### Exercise instructions
Retype, without pictures, the line holding "10 pacotes de" and each line below it through the final line.

** Opening Recorded data block **

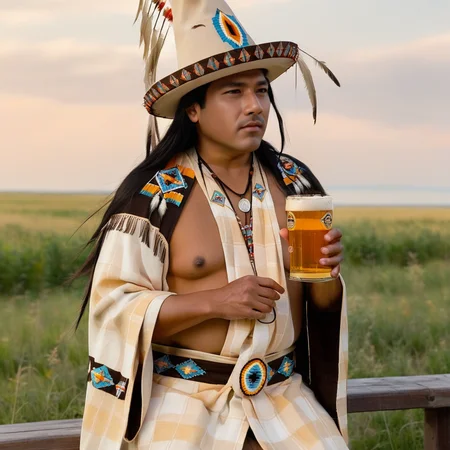 shirtsqueeze, tits, midrange shot of Native American chief in a wizard robe and hat with a pint of beer, orange checkered horizon <lora:shirtsqueezev2_SDXL:1>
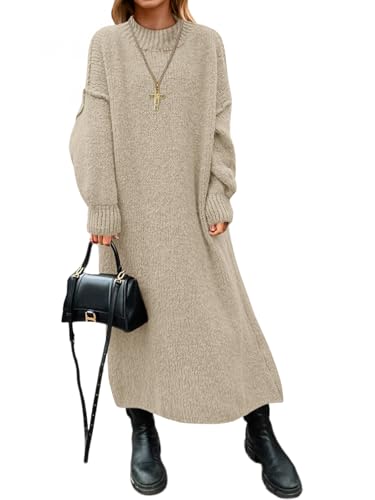 Saodimallsu Womens Oversized Sweater Dress Mock Neck Long Sleeve Casual Warm Chunky Knit Fall Winter Maxi Dresses Khaki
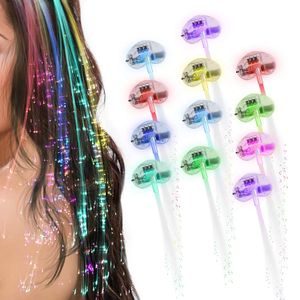 10 pacotes de luzes LED emissoras de cabelo de fibra óptica LED barris de cabelo descontos para festas bar danças grampos de cabelo flash tecelagem 240124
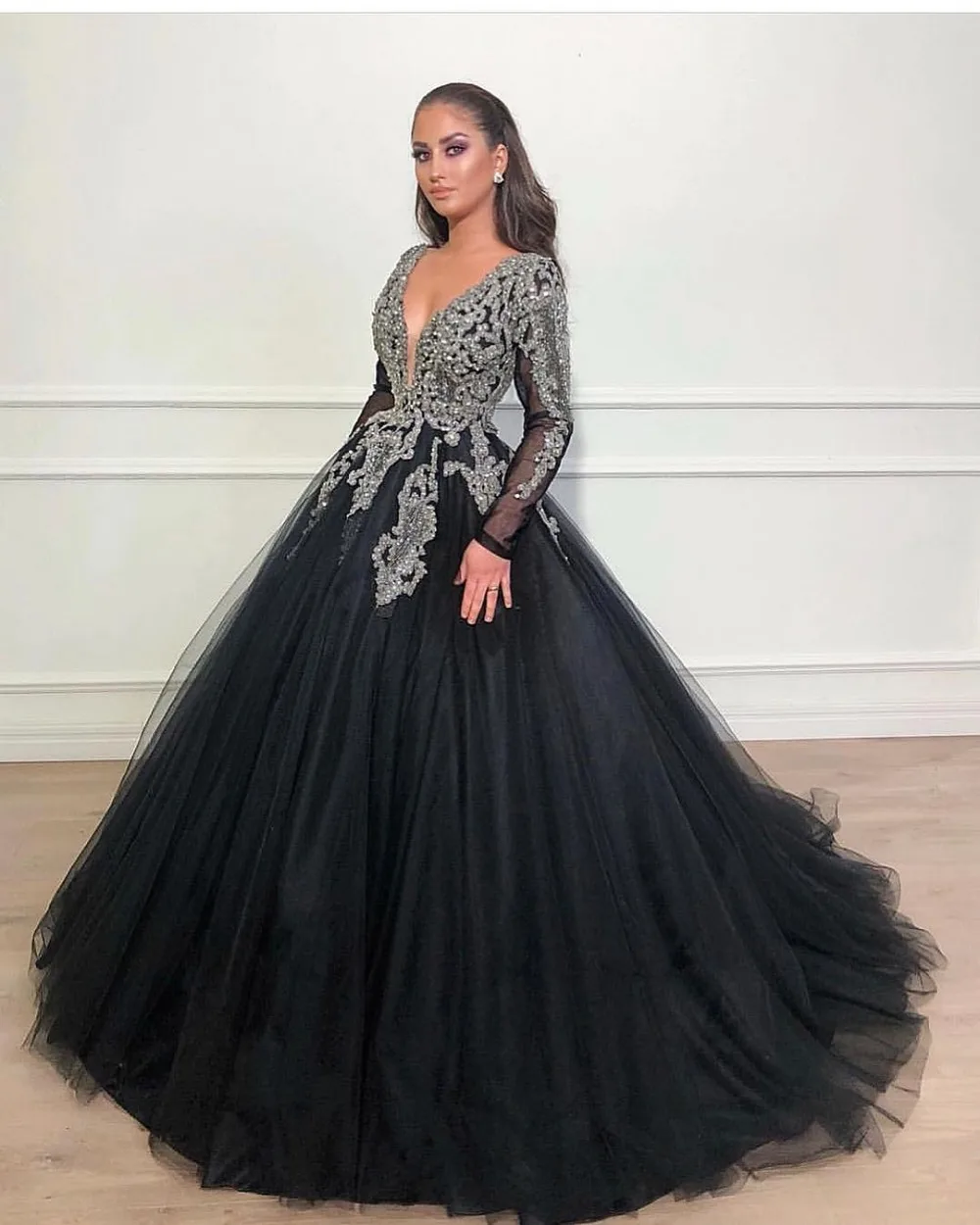 Robe De Soiree Элегантное Длинное Вечернее платье с v-образным вырезом кисейные Аппликации вечернее платье с бисером с длинными рукавами Формальное вечернее платье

** Closing Recorded data block **

### Solution for this problem
 10 pacotes de luzes LED emissoras de cabelo de fibra óptica LED barris de cabelo descontos para festas bar danças grampos de cabelo flash tecelagem 240124
 Robe De Soiree Элегантное Длинное Вечернее платье с v-образным вырезом кисейные Аппликации вечернее платье с бисером с длинными рукавами Формальное вечернее платье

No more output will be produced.